Students attending 'Alternative Thanksgiving' enjoy a traditional Native American dance at the 8th annual Alternative Thanksgiving on Nov. 17. Credit: Elizabeth Suarez | Multimedia Editor

Students attending ‘Alternative Thanksgiving’ enjoy a traditional Native American dance at the 8th annual Alternative Thanksgiving on Nov. 17. Credit: Elizabeth Suarez | Multimedia Editor

Almost 250 people crowded into the Performance Hall at the Ohio Union for the 8th annual Alternative Thanksgiving on Thursday evening, hosted by Ohio State’s Office of Student Life’s Multicultural Center and American Indian Student Initiatives.

While many people will be celebrating Thanksgiving next week, Alternative Thanksgiving holds a significant meaning to those in the Native American community, said Melissa Beard Jacob, intercultural specialist of American Indian and Indigenous Student Initiatives at OSU and member of the Sault Ste. Marie Tribe of Chippewa Indians.

“Alternative Thanksgiving really started out as an alternative way, obviously, to think about the Thanksgiving holiday, and for the Native community and the Native students to come together … and also to educate others about Native culture,” she said.

The event was also an opportunity for the Native community to recognize Native American students for their academic achievements: Five OSU students received scholarships from the Independent Nation of Native Americans Scholarship Fund.

Jacob also announced a milestone for the Native community at OSU.

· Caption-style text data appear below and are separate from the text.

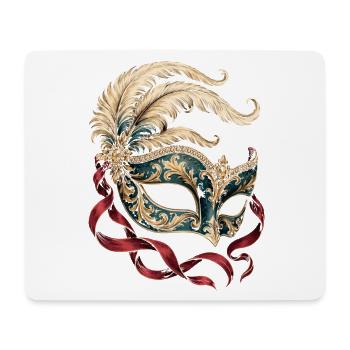 Burlesque Mask - Mousepad (Querformat) - Weiß - Vorne
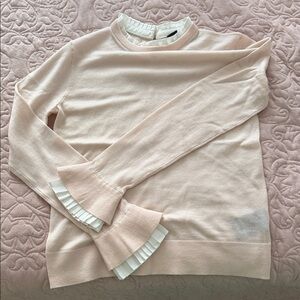 Elegant Sweater with Ruffle Cuffs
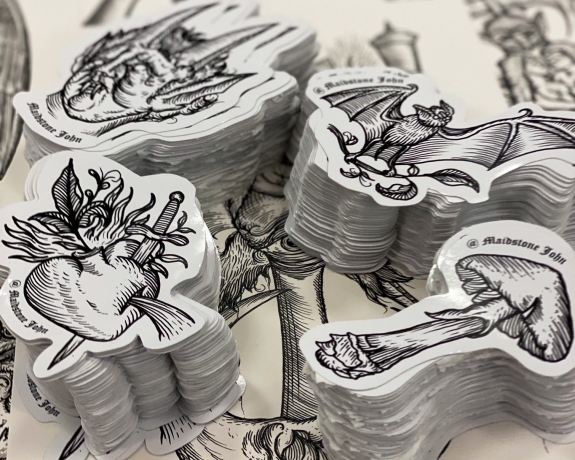 Where Music Sticks: The Story of Band Stickers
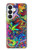S3255 Motif Art coloré Etui Coque Housse pour Samsung Galaxy S26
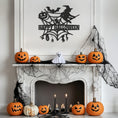 Load image into Gallery viewer, Happy Halloween Witch Design Metal Wall Art
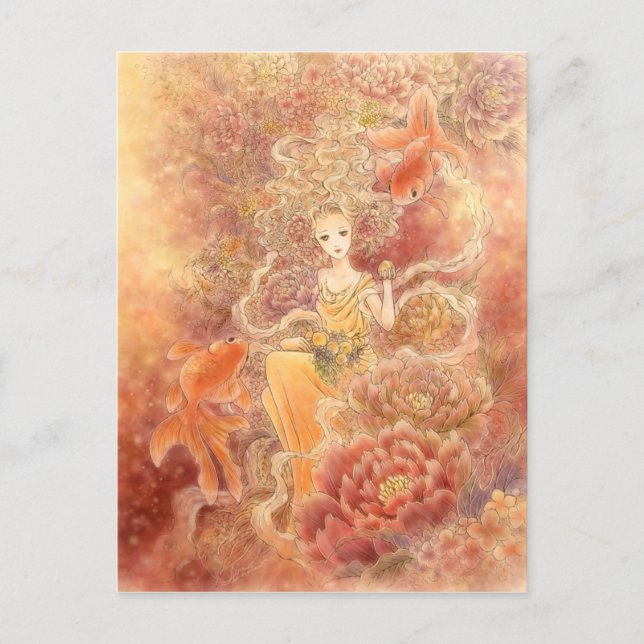 Cartão Postal Cartão-postal de abundância (Frente)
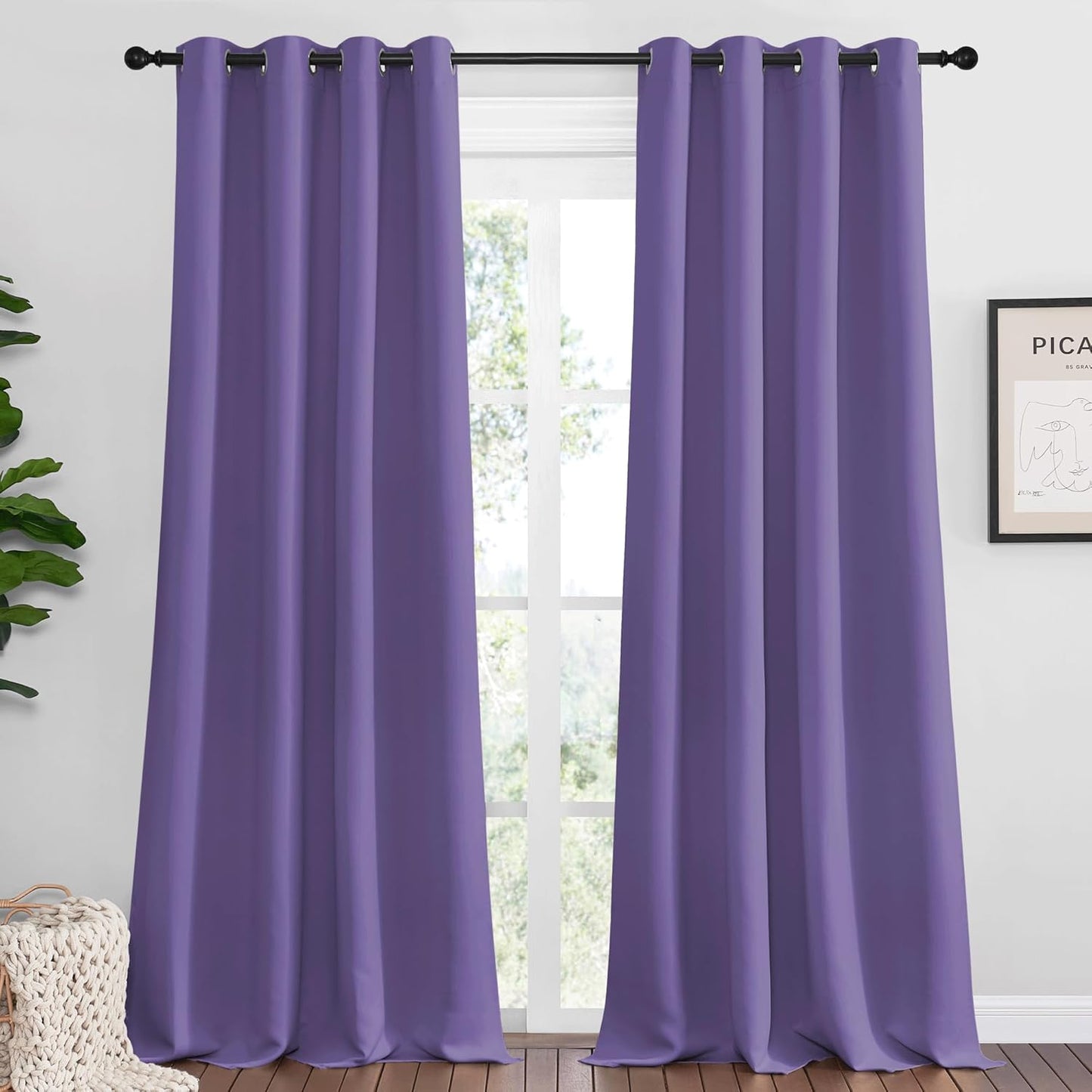NICETOWN Blackout Curtains 42x63" Cappuccino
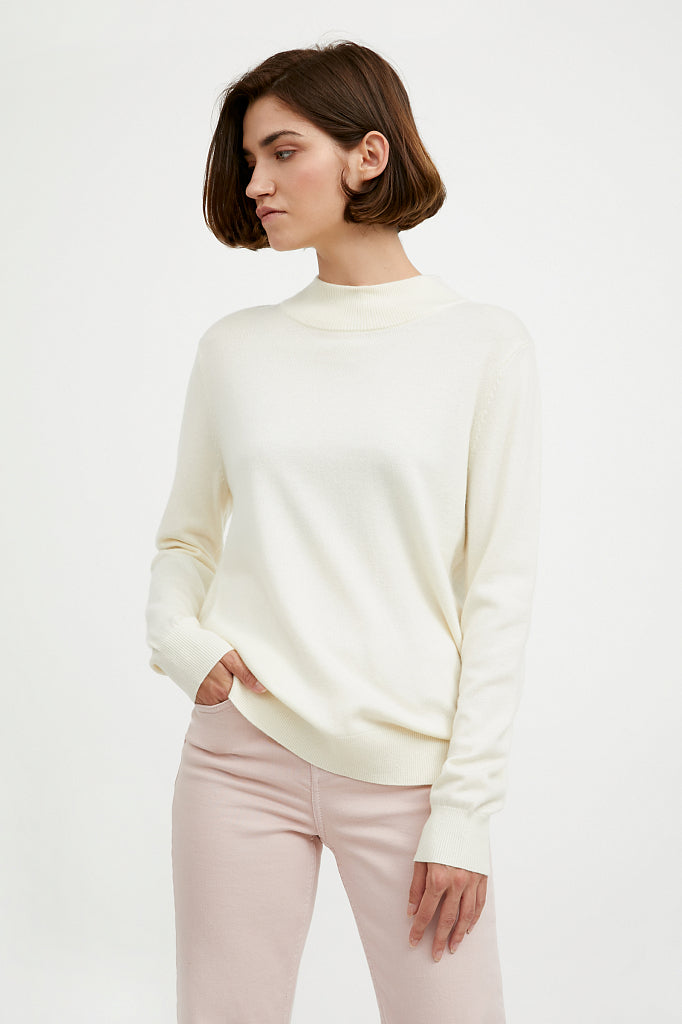 Ladies' knitted jumper A20-11101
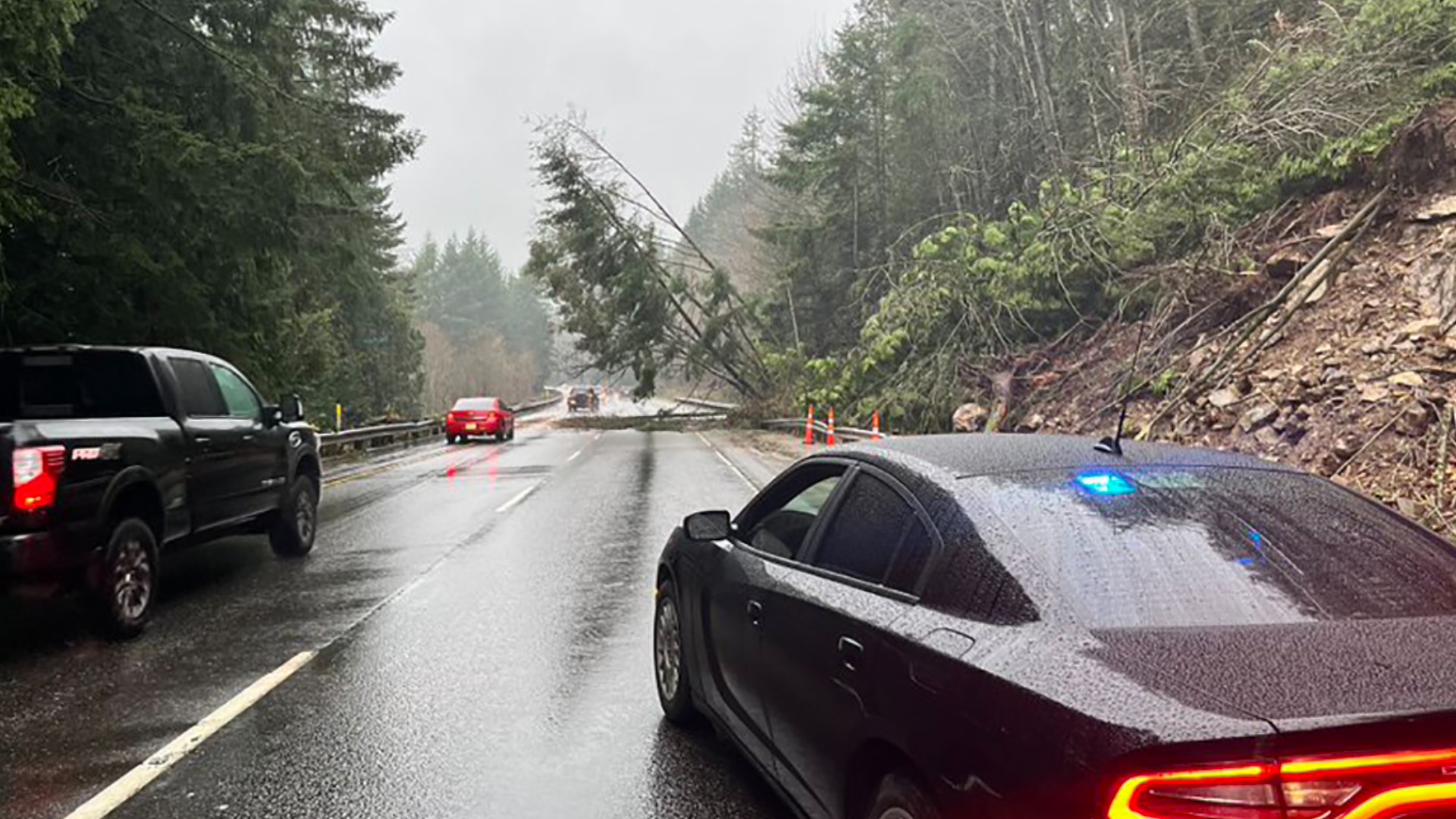 Northbound I-5 Near Lake Samish Fully Reopens After Another Landslide ...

“This year we have 12 students graduating, which is the largest graduating class of Native students in the history of Ohio State,” Jacob said to those in attendance.

While Thanksgiving is a holiday largely centered around food such as turkey and stuffing, Alternative Thanksgiving featured a meal made up of traditional Native American food.

Dishes included frybread; wojapi, a berry sauce that originates from Plains Indian culture; venison stew; white fish and wild rice; succotash, which consists of corn and lima beans; and sassafras tea.

After the meal, three dancers from various Native American tribes took the stage to perform traditional dances.

One of the performers, Lydia Green Miller, is from the Mackinac Band of the Ojibwe Tribe in Northern Michigan and performed a “fancy shawl dance,” which she has been dancing since she was a child.

“It’s supposed to look like a butterfly,” Miller said. “It’s one of the newer styles of dancing because in the old days the women were very old fashioned, they didn’t have a flashy, fancy kind of dancing, and the men did. So they created this dance as a butterfly to have the women have their own type of fancy, flashy style of dance.”

After the formal performance was over, the dancers left the stage and invited the audience to take part in several traditional dances where almost all in attendance joined in dancing.

The dancers first led the crowd in a “round dance,” which as the name references, is performed in a circle and is also known as a friendship dance.

“The reason why we were holding hands and we were all moving the same way is because we are all connected as a circle, as a life — all races, all ages, no matter what gender you are, anything,” said Miller. “ We are all together, we are all connected together as a friendship, or a family.”